§ **What the task requires**
Copy the entries word for word. Keep the pictures out.

§ **Given data**
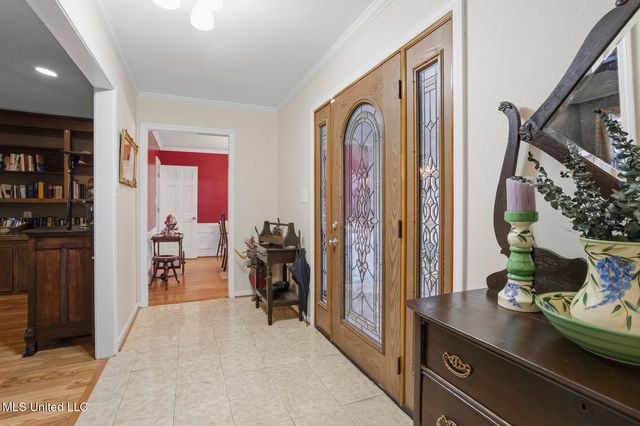 420 Shadow Lake Cove, Raymond, MS 39154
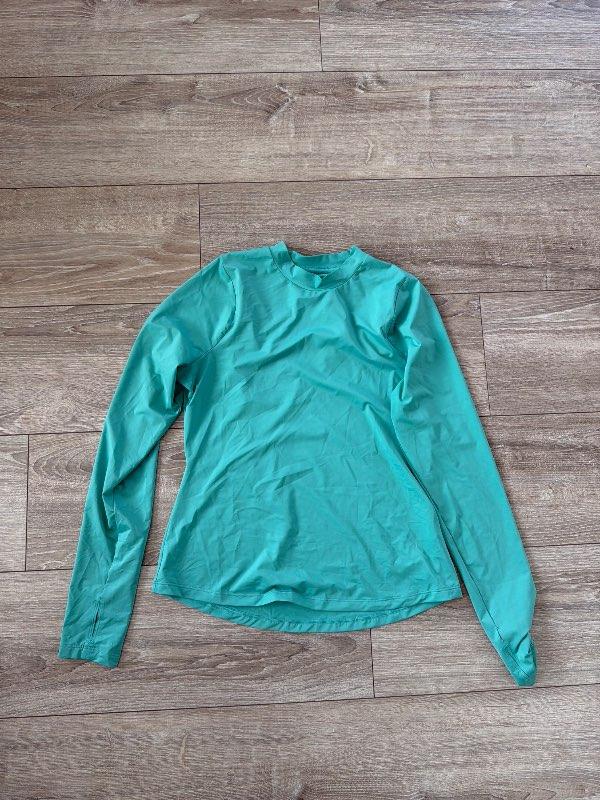 Græn Nike peysa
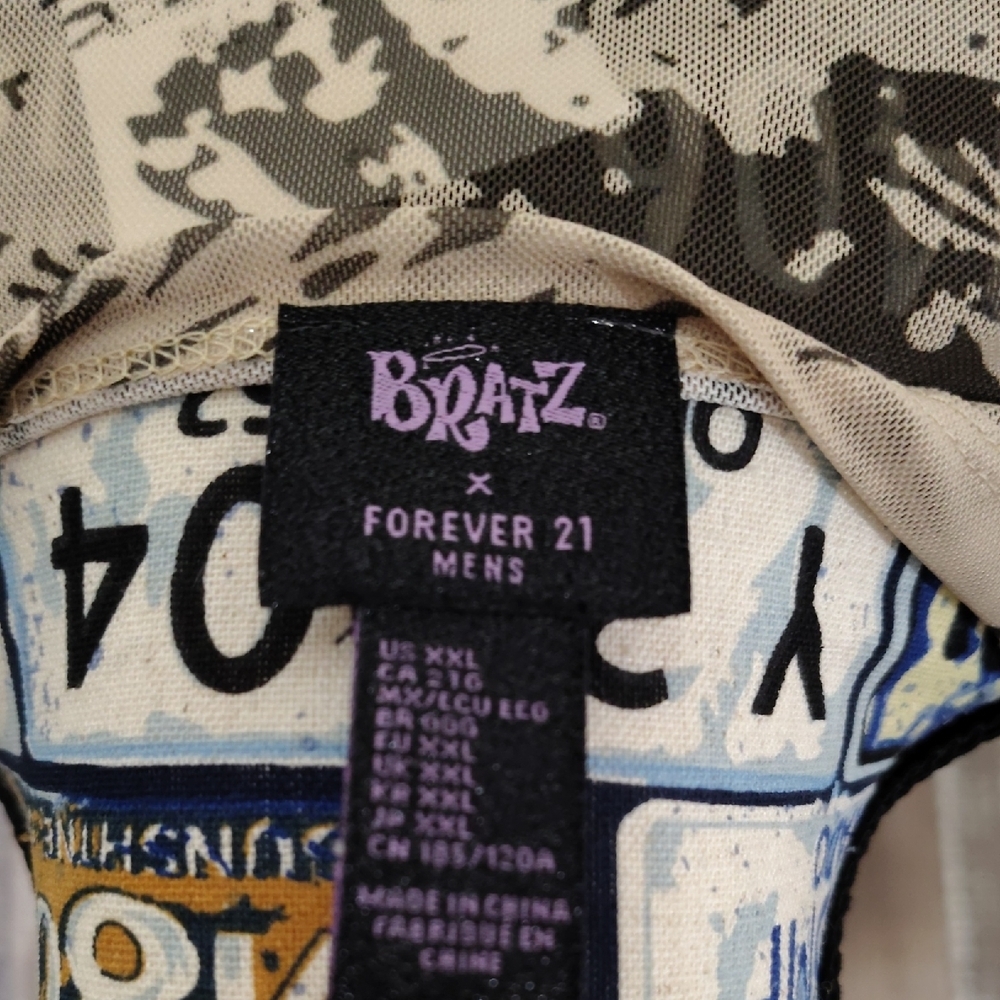 Bratz Graphic Tee - Black and Cream - Picture 3 of 4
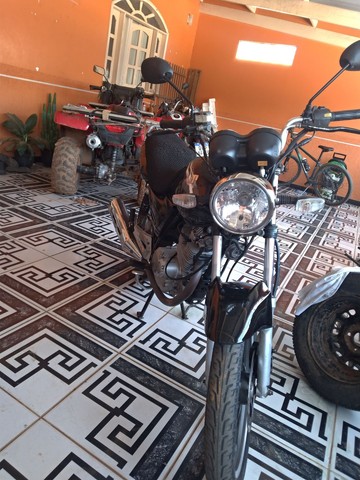 VENDO SUZUKI YES 125 2011 R$4000,00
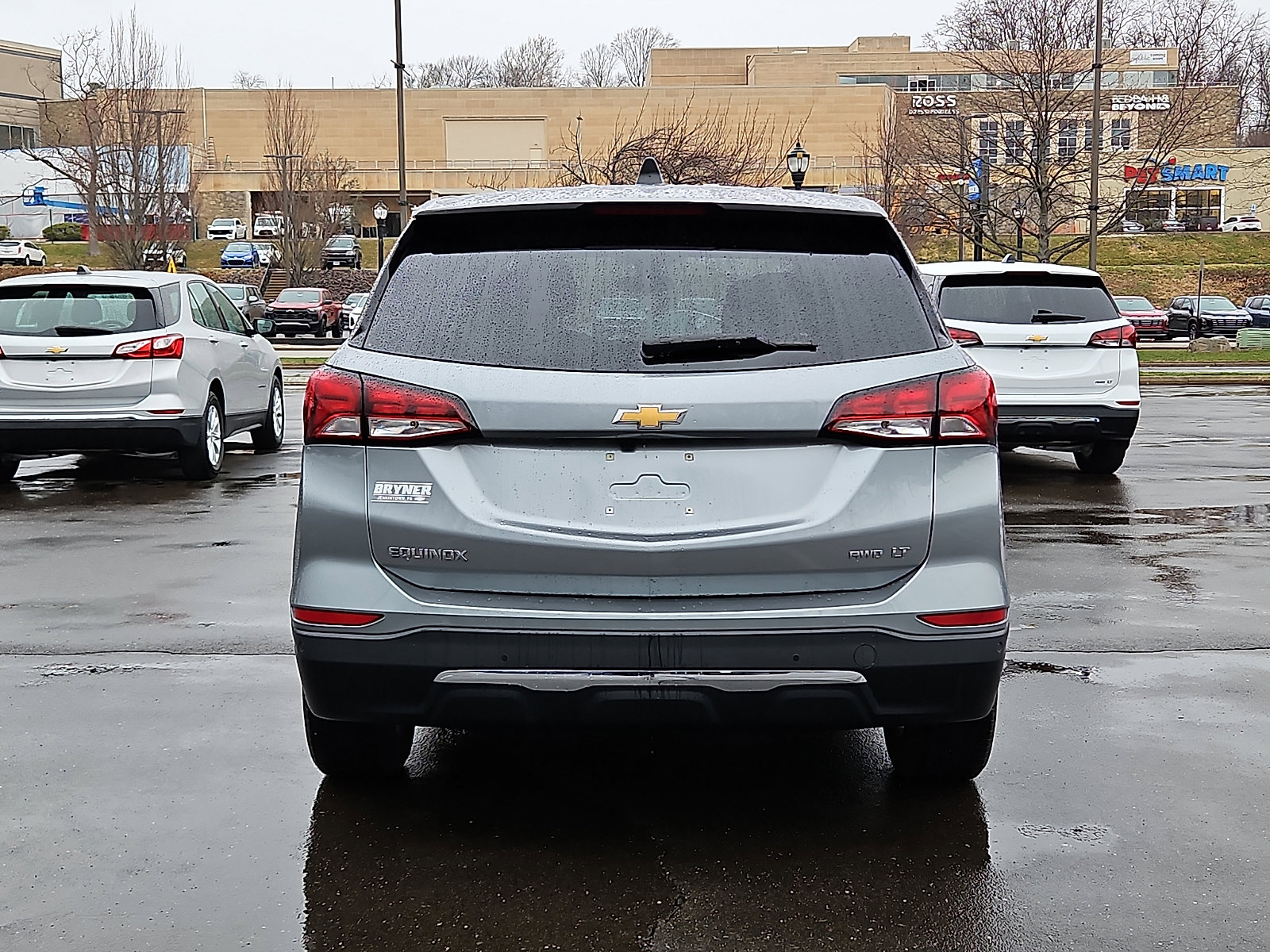Used 2024 Chevrolet Equinox LT w/ LPO, Floor Liner Package image 5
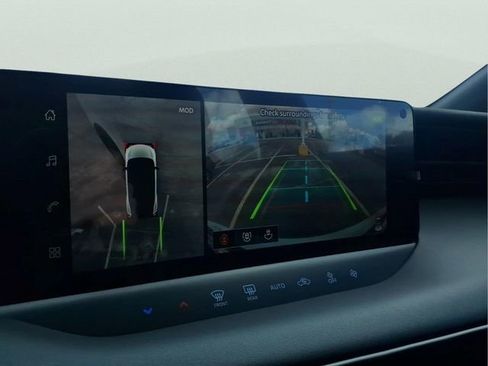 New 2026 Nissan Leaf FWD image 10
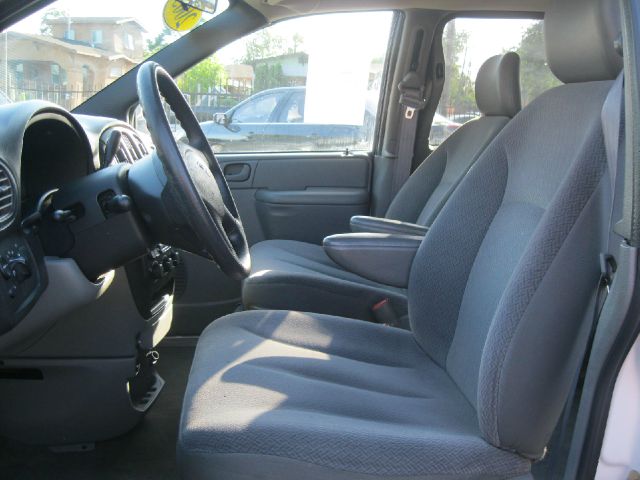 2005 Dodge Grand Caravan SE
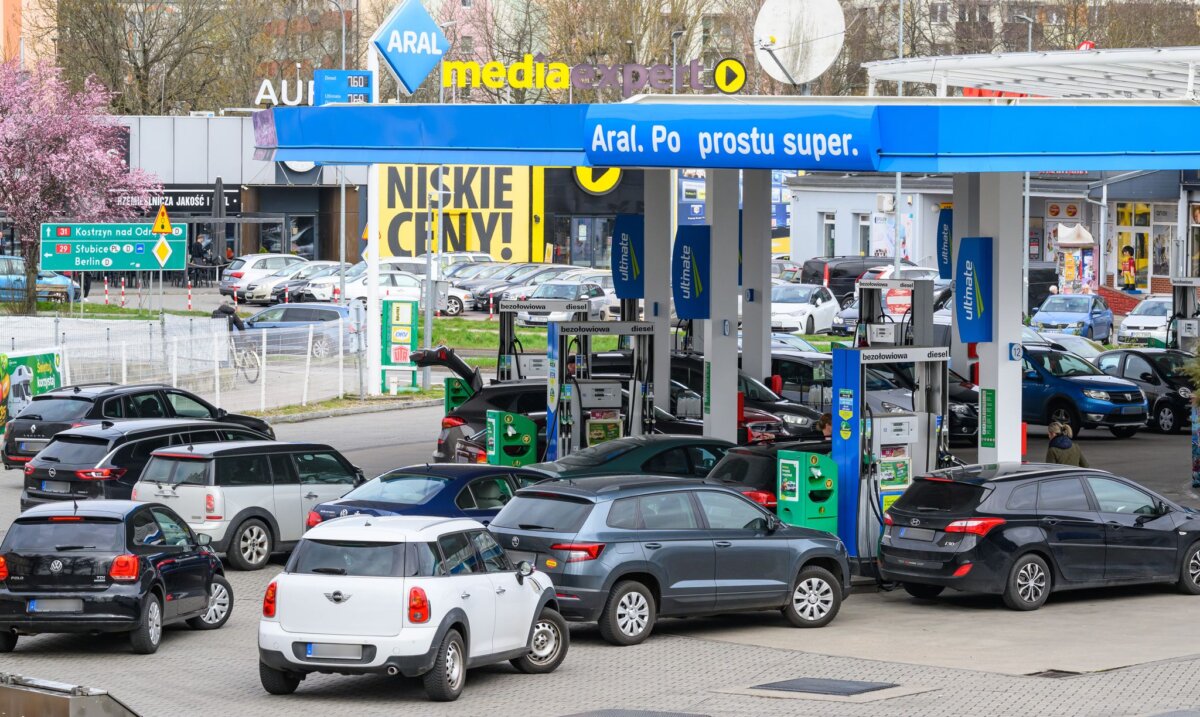 Polens Spritpreisdeckel tritt in Kraft In Polen gilt vorübergehend eine gesenkte Mehrwertsteuer auf Benzin und Diesel. (Archivbild)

§ **Written solution**
 420 Shadow Lake Cove, Raymond, MS 39154
 Græn Nike peysa
 Bratz Graphic Tee - Black and Cream - Picture 3 of 4
 VENDO SUZUKI YES 125 2011 R$4000,00
Used 2024 Chevrolet Equinox LT w/ LPO, Floor Liner Package image 5
 New 2026 Nissan Leaf FWD image 10
 2005 Dodge Grand Caravan SE
 Polens Spritpreisdeckel tritt in Kraft In Polen gilt vorübergehend eine gesenkte Mehrwertsteuer auf Benzin und Diesel. (Archivbild)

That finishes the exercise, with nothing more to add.